January 19, 2012

Bison Throttle Mud People, Move To 8-1

"Like macaroni noodles through an alarm clock, so are the times of burnt toast and highway gravel eating contests."

"The above quote, attributed to facist dictator Herman Crubb, was taped to the wall of the visiting locker room at Darf Ferera Stadium in an effort to inspire the Hey Jerk Bison. Not only did the quote inspire the Bison football team, but it also inspired Harry Vanderells to swim to England in an attempt to reunite an ostrich with another ostrich."

- Quote taken from the beginning of this story


Standing in the way of the Bison and their attempt to clinch the Piso Division title and a bye in the first round of the Abner Playoffs & Elementary School Band Recital Competition, were the Mud People, coached by Ralph Friedgen. The Mud People had lost each of their first eight games by an average margin of 36 points, but Friedgen wasn't going to let his squad Shealy on this day.

"We didn't come here to Shealy," Freidgen said to his mailbox before the game.

"Instead, they Shealy'd," said Linda Pwayne's mother-in-law, Beatrice.

On the first possession of the game, the Bison marched down the field, getting a 50-yard pass from quarterback Kurt Sherman, who was dressed in only a poncho and his giraffe mask, to Skip Ruso. After the play, Ruso boarded his spaceship to the clouds and was never heard from again. John Hu, vilified all week in several publications, including Vilification Today and the Nunce Valley Times, for is charity organization-Peanut Shells For Troops-and their anti-deodorant marches through downtown Kleppitch, scored from three yards to put the Bison up 7-0.

The visitors made it 14-0 when Sherman executed the statue of Rory Corcoran play, handing off to Dead Karol for a touchdown. The Mud People tried to put together a drive late in the second quarter, but were stuck in mud.

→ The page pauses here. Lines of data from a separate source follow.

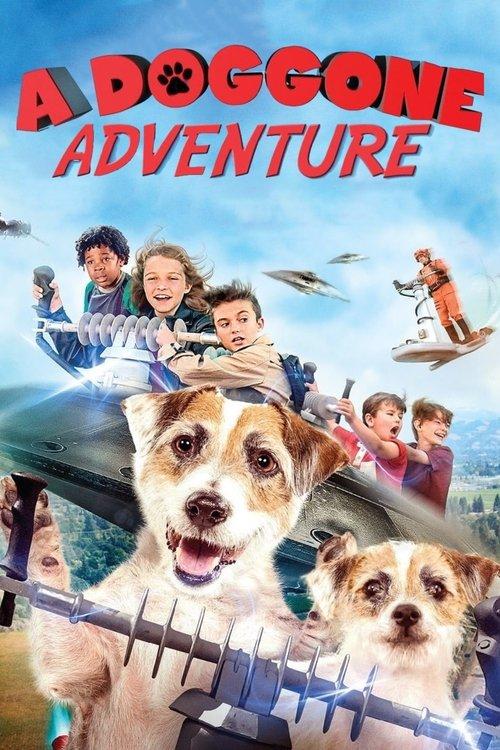 A Doggone Adventure filmas online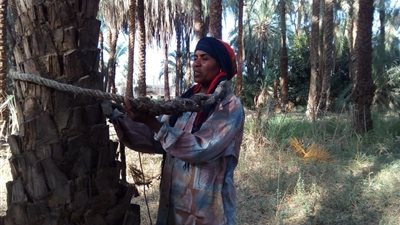 “منى قوت” أول طالعة نخل في الصعيد: قسوة والدي كانت البداية وواجهت التنمر بالإصرار (صور)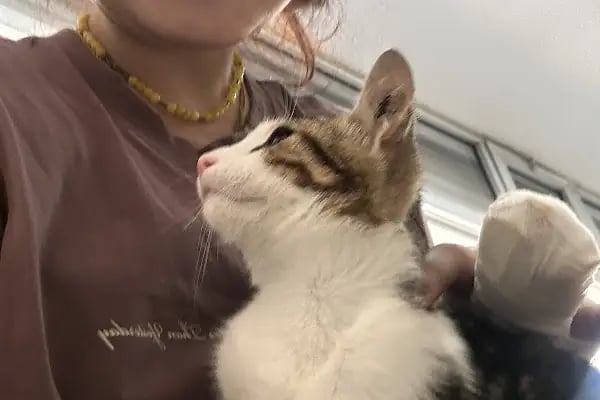 Vetvision Kuş ve Pet Veteriner Kliniği - Resim 12
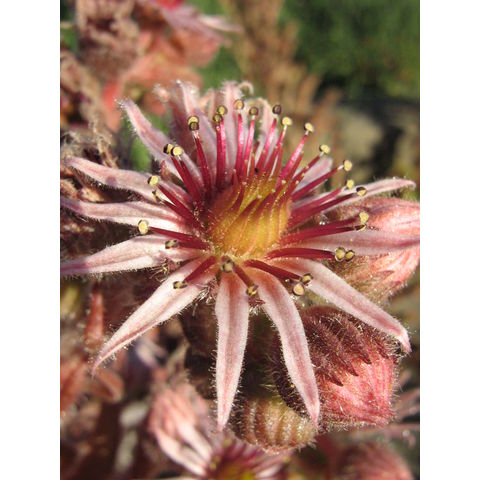 Sempervivum sp.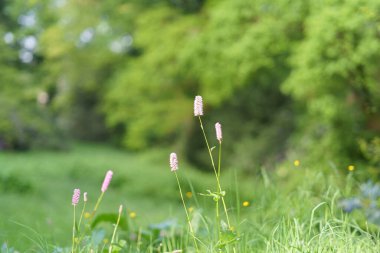 Knotweed Superba 'nın güzel çiçekleri - Persicaria Bistorta Superba yakın çekim. Vahşi yaşam güzellik konsepti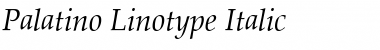 Palatino Linotype Italic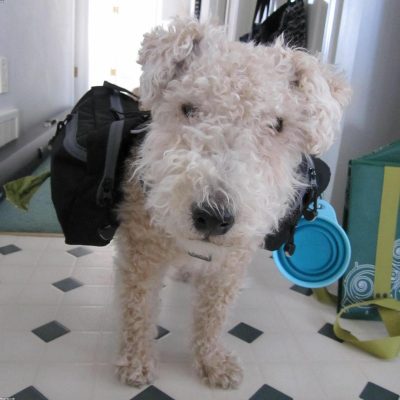 Wildcrest Pet Studio Travel Dog Crate Series 3 Series 0067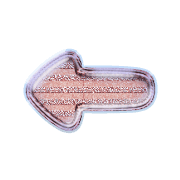 263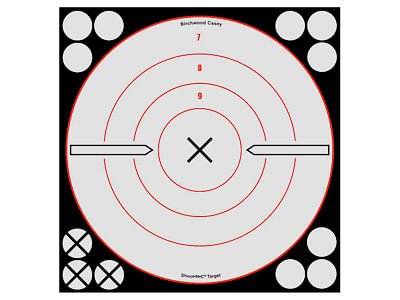 Birchwood Casey Shoot-N-C White/Black Bullseye X Targets & Pasters, 8″, 6ct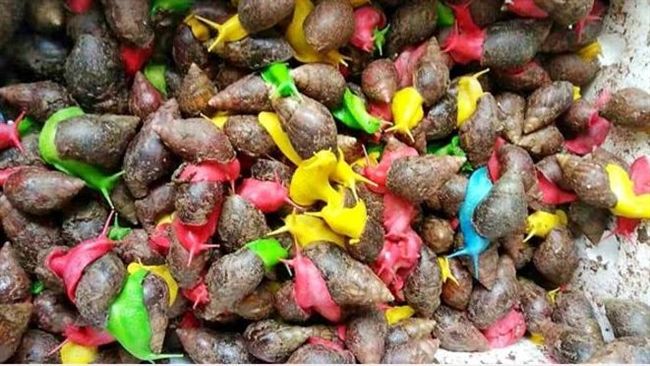 飼養「彩色蝸牛」夯！當心藏有寄生蟲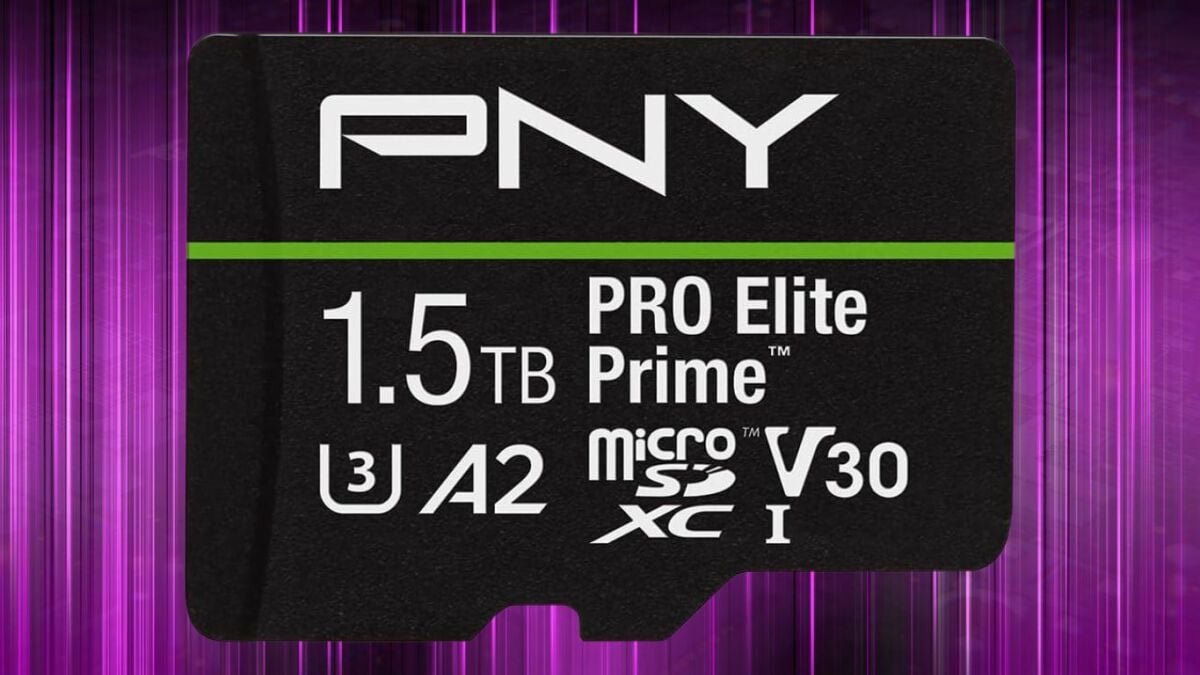 I splurged $110 on the PNY 1.5TB PRO Elite Prime microSD card and it’s totally worth it!
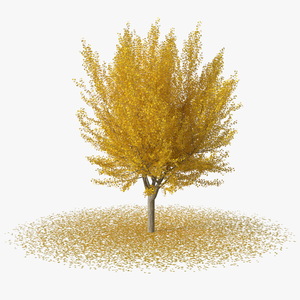 3D Ginkgo Tree Leaf Fall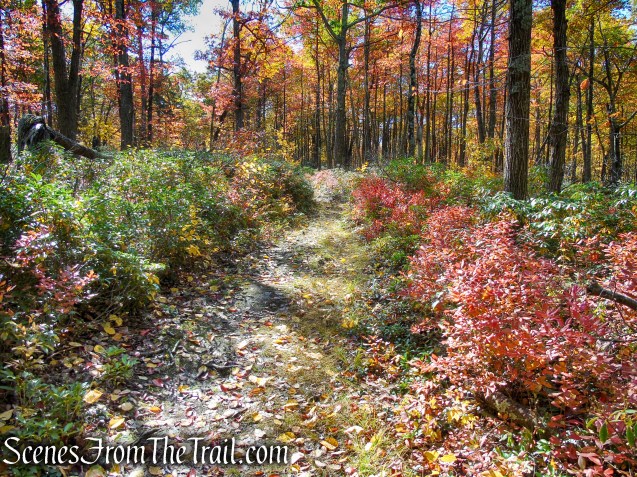 Red Trail - Shawangunk Ridge State Forest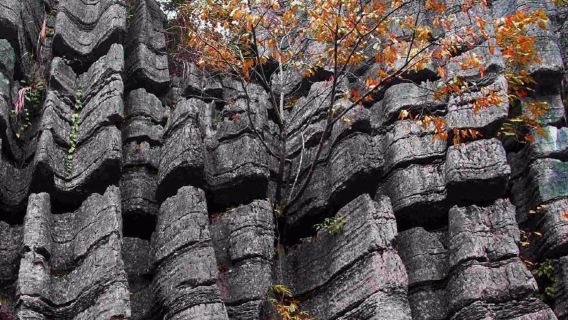 梭布埡石林一日遊（2人可成團、不早起、含景交）賓士保姆車
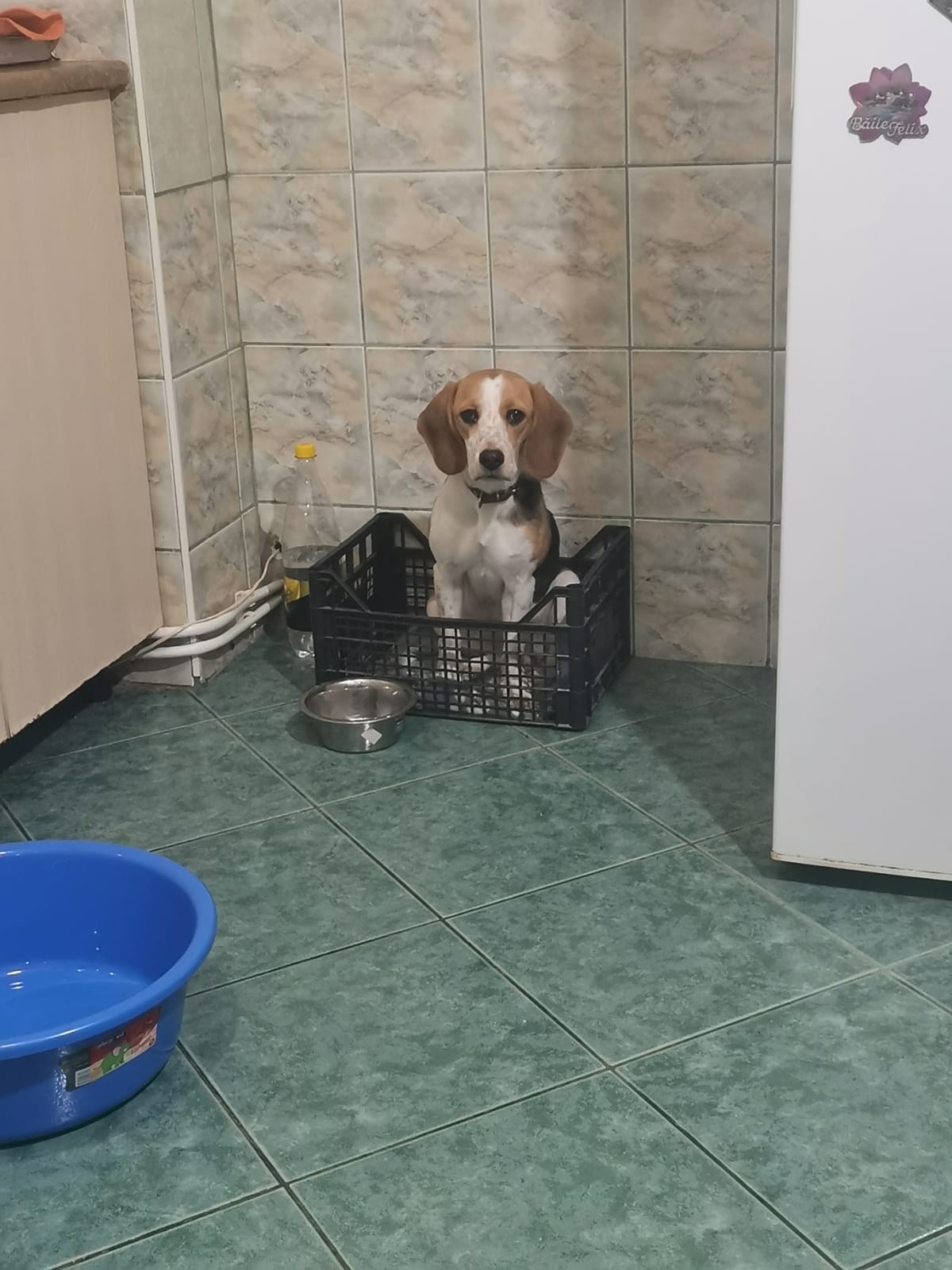 Manichiura semipermanenta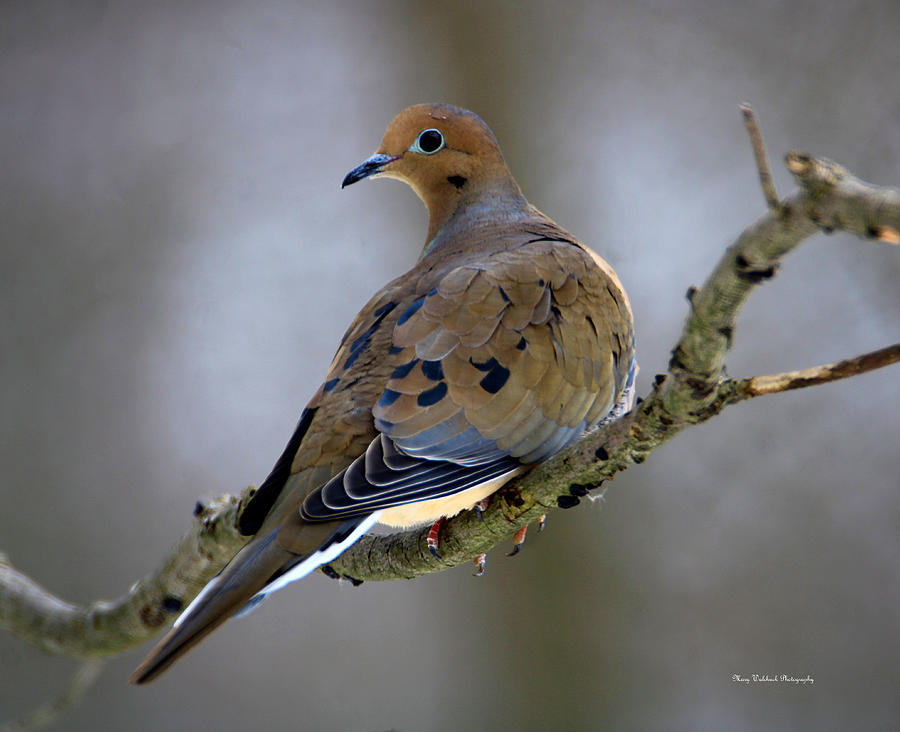 Sweet Mourning Dove Photograph by Mary Walchuck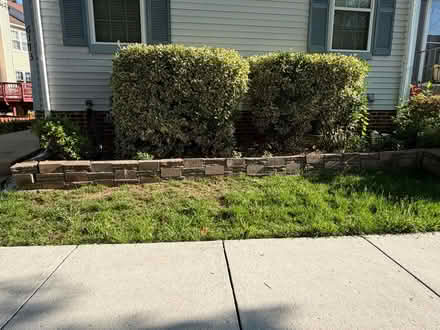 Photo of free concrete blocks for garden beds (Alexandria) #2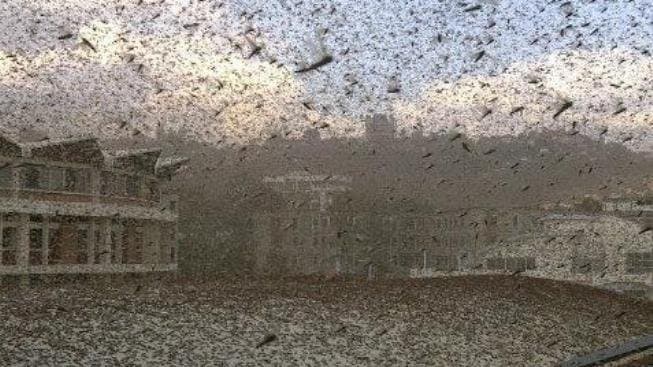 Image d'illustration pour Chaleur et vent favorisent une invasion de criquets à Madagascar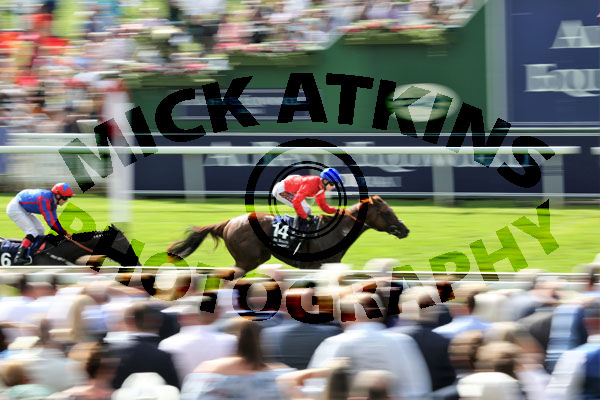 Race 3 - Threat (4)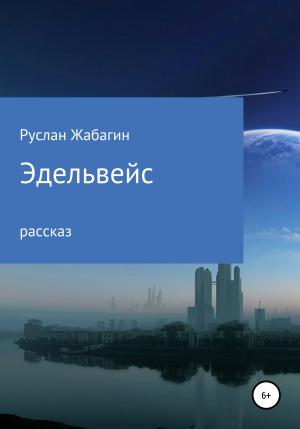 Обложка книги «Эдельвейс» — Руслан Жабагин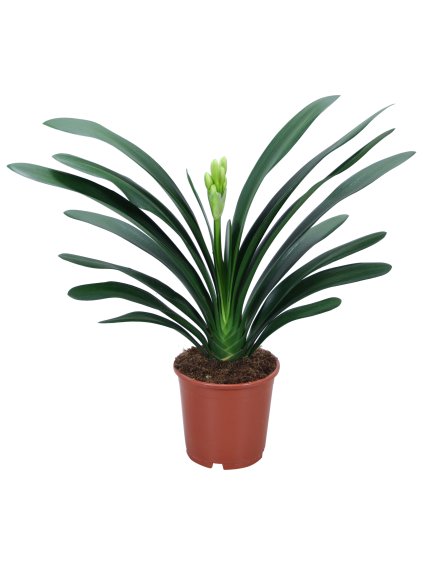 Clivia miniata V50cm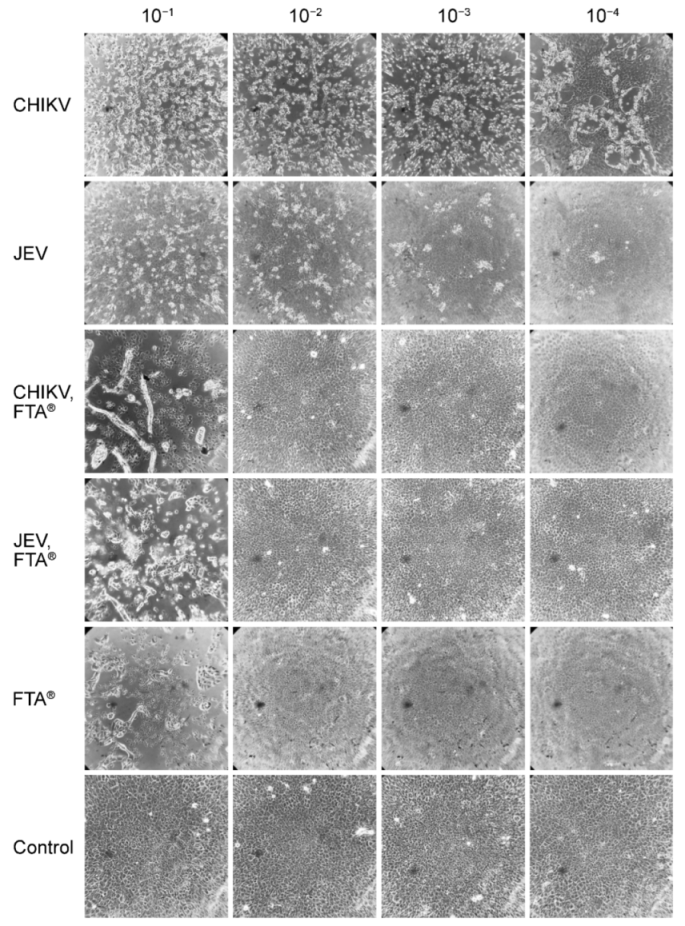 Microorganisms 10 01445 g002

"They made their mud, now they have to sit in it," said Otis Lazlo.

At halftime, Friedgen ate a water fountain and declared war on his pants. Police apprehended the coach and carted him off, while Sherman and caretaker Doris Leonard followed in Sherman's wheelbarrow.

With only four active players left-newly signed receiver Pat Zyn, Irving Piso, The Anecdote and ham sandwich national champion Steven Christensen-the Bison stuck to the ground game and score twice more in the third before coach Al Davis pulled the team off the field.

"_________", said Al Davis, who died late last year.